She was born in 1847 to a leading family in Sanandaj, the major center of Kurdish culture in Iranian Kurdistan. Later Osman Pasha Jaff was appointed the kaimakam of Sharazor, title used by the Ottoman empire meaning representative of the Sultan, thus allowing Lady Adela to take over.

The revival of commerce and restoration of law and order in the region of Halabja is attributed to her sound judgment. She was known for saving lives of many British army officers during World War I and was awarded the title of Khan-Bahadur , meaning sovereign ruler, by the British commanders.

Even when her husband was still alive, it was Lady Adela Jaff who gradually assumed effective authority. Upon Osman Pashas death in 1909, she remains firmly in control, and her authority wen unchallenged until her death in 1924 in Halabja, Kurdistan.

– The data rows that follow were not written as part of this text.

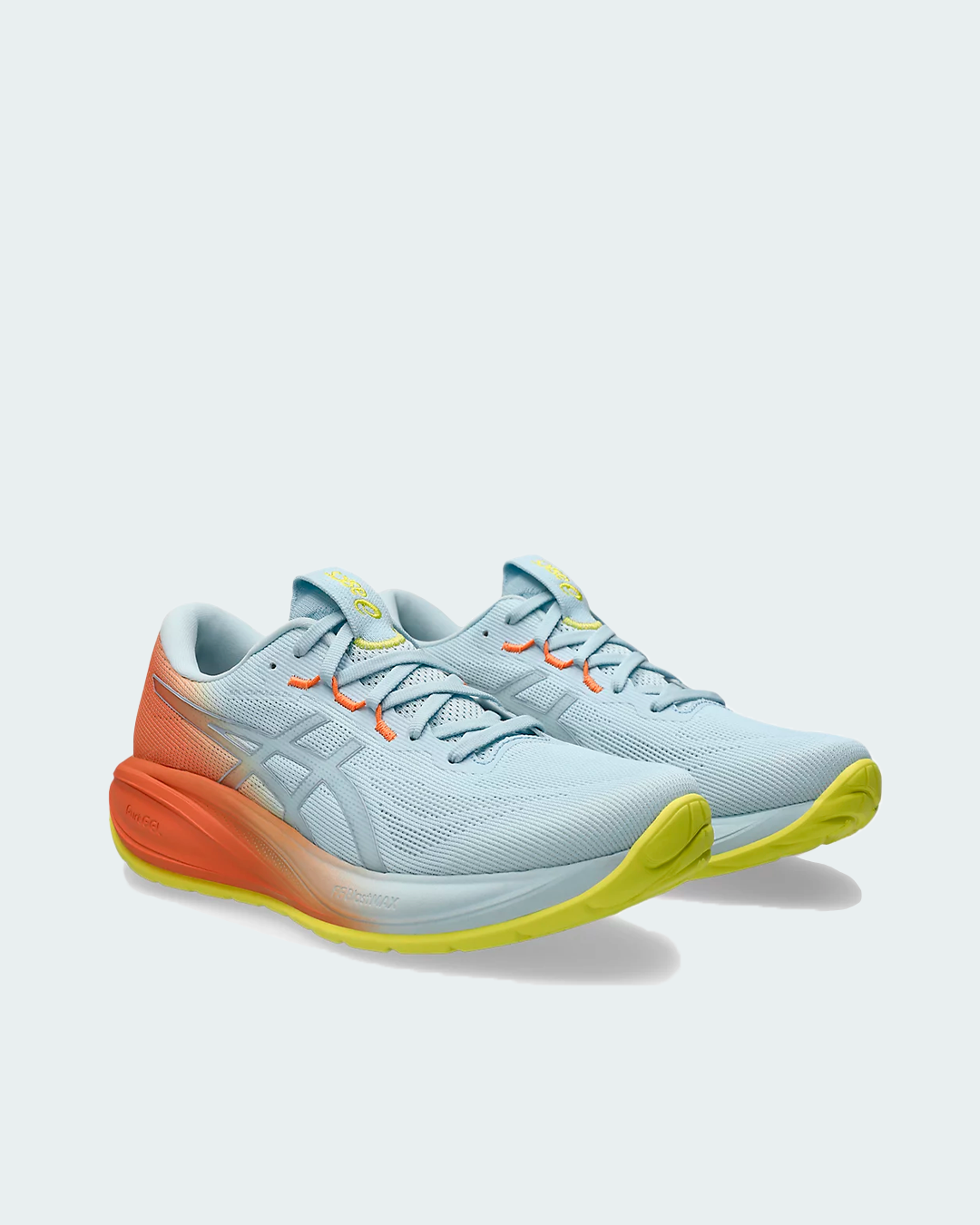 Tenis Asics Gel-Cumulus 28 Hombre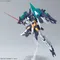 [10月預購] MG 1/100 重火力型鋼彈 AGE II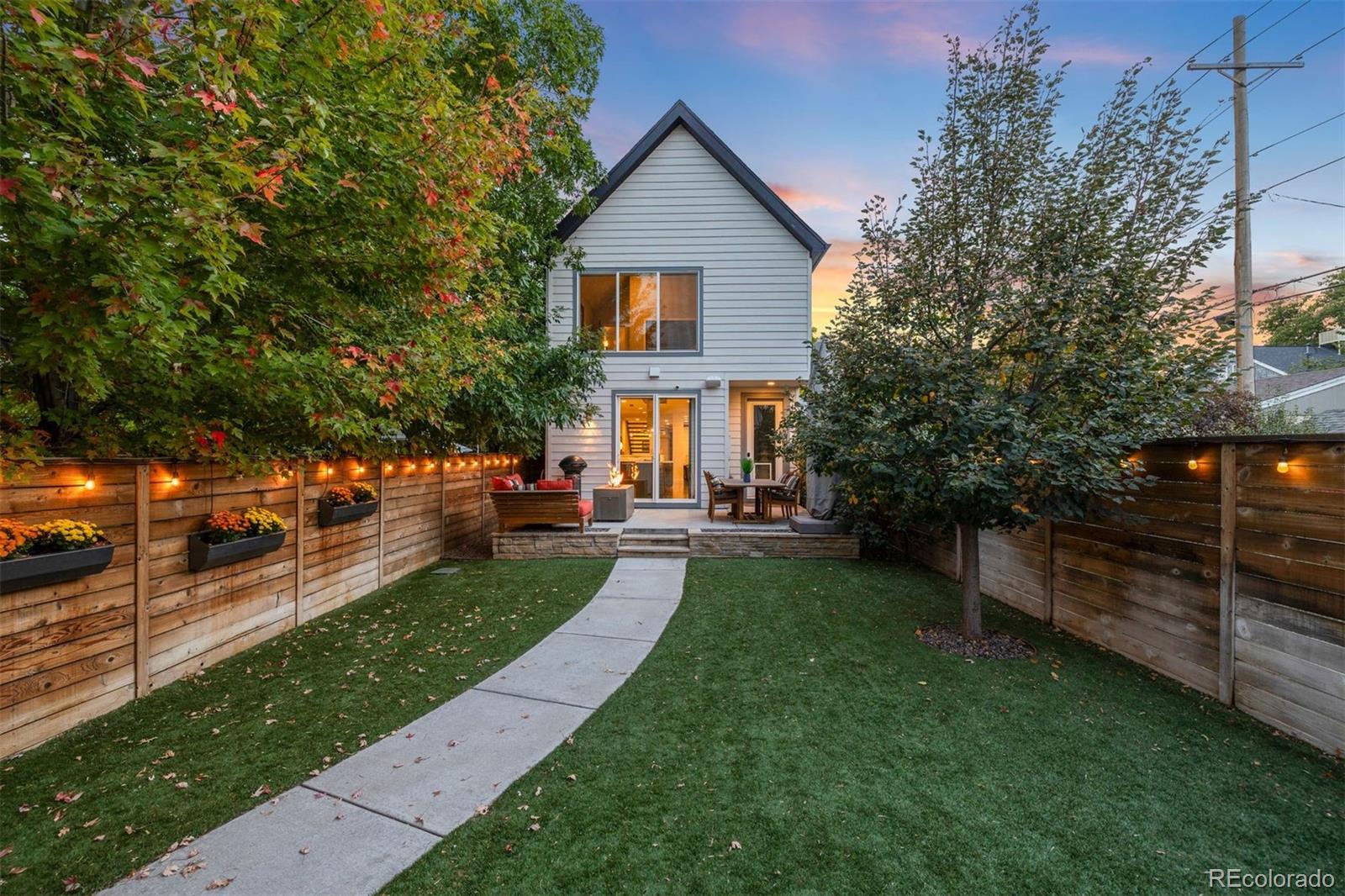 3537 W 40th Avenue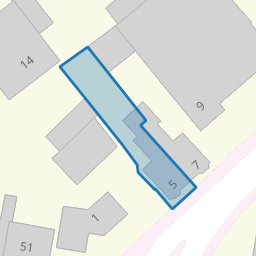 Perceel HGL01-O-4142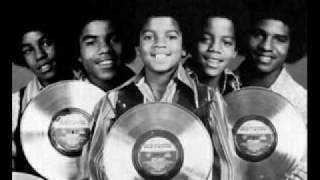 The Jackson Five  Rockin Robin [upl. by Tan181]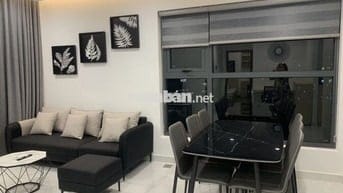 Cần cho thuê Emerald 2PN 71m², 15Tr, Full NT, View CV, Sát Aeon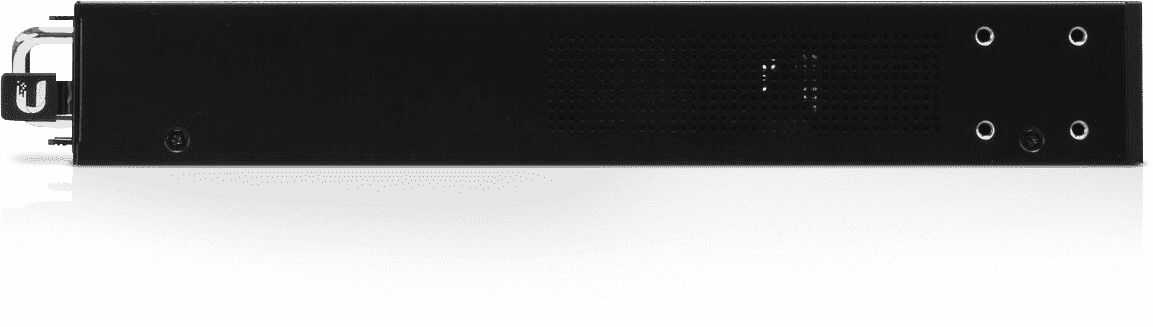 UFiber OLT. GPON для провайдеров. UFiber OLT. GPON для провайдеров.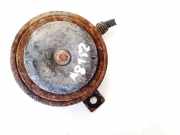 Hupe Opel Zafira, A 1999.04 - 2003.11 Gebraucht,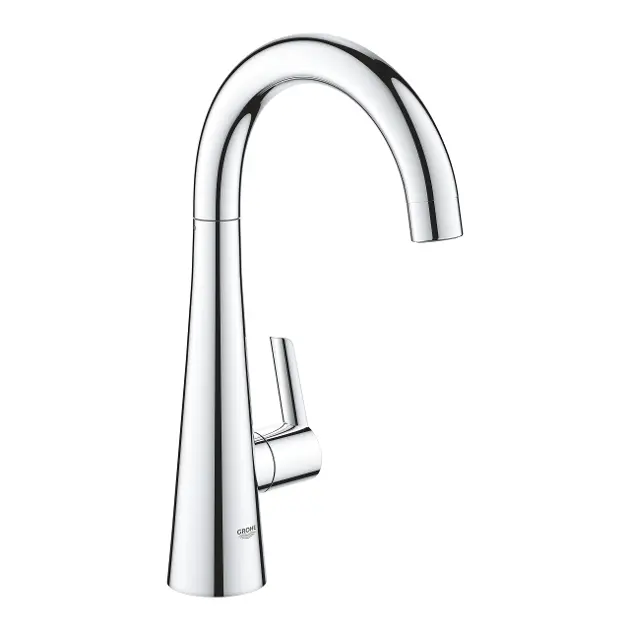 Grohe - Zedra - Konyhai csaptelep - 30026002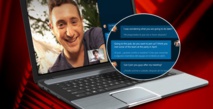 Skype Translator prochainement intégré à la version Windows classique Skype Translator prochainement intégré à la version Windows classique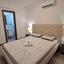 2 bedroom apartment for rent agios tychonas limassol 8307393 thumbnail 15562081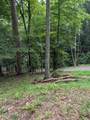 190 Valley Crest Drive - Photo 4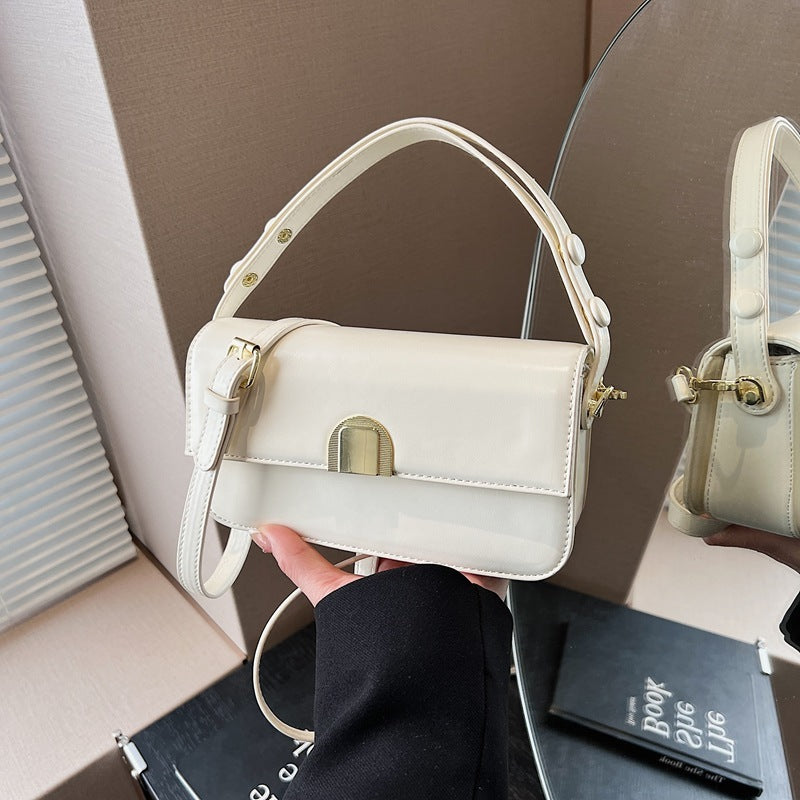 Tasha Convertible Bag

Gradually the official power came into her hands. Osman Pasha Jaff was often called away to perform journey in the cities of Sulaimania, Kirkuk, and Mosul to handle matters of government and affairs. So Lady Adela, governing for him in his absence, built a new prison, and instituted a court of justice of which she was president, so it consolidated her own power, but the Pasha, carrying out local improvements, while his wife ruled.

Lady Adela’s husband, Osman Pasha Jaff, appears to have quite happily consented to her assertiveness, his subjects must have been fascinated by his strong-willed and urbane personality in her midst.

The Ottoman Empire authorities, perceiving an increase of Persian influence in Kurdistan, were not amused but there was little they could do about it. They put up a telegraph line in the city of Halabja, in order to improve their control of the place, but the Jaff tribe objected and cut down the line.

Lady Adela told the Ottoman Empire officials not to repair it, threatening that the wires would again be cut, and thus she managed to keep those improved communications and Ottoman control at a distance. (Soane 1926: 220)

Gertrude Bell, British politician and writer, describes Adela Khanem Jaff in a letter in 1921 as follow: " The feature of Halabja is 'Adela Khanum the great Jaff Beg Zadah lady, mother of Ahmad Beg. She is the widow of Kurdish King Osman Pasha Jaff, sometime dead, and continues to rule the Jaff as much as she can and intrigue more than you would think anyone could, and generally behave as great Kurdish ladies do behave.

She has often written to me, feeling, I've no doubt, that we must be birds of a feather, and I hastened to call on her after lunch. She is a striking figure in her gorgeous Kurdish clothes with jet black curls (dyed, I take it) falling down her painted cheeks from under her huge headdress.

We carried on in Persian, a very complimentary talk in the course of which I managed to tell them how well 'Iraq was doing under Faisal and to assure them that all we wished was that our two children, 'Iraq and Kurdistan, should live in peace and friendship with one another". Vladimir Minorsky has reported his meeting with Lady Adela in the region of Halabja in 1913.

British author Ely Banister Soane wrote about her in his book To Mesopotamia and Kurdistan in Disguise: "a woman unique in Islam, in the power she possesses, and the efficacy with which she uses the weapons in her hands.... In a remote corner of the Turkish Empire, which decays and retrogrades, is one little spot, which, under the rule of a Kurdish woman has risen from a village to be a town, and one hill-side, once barren, now sprinkled with gardens; and these are in a measure renovations of the ancient state of these parts."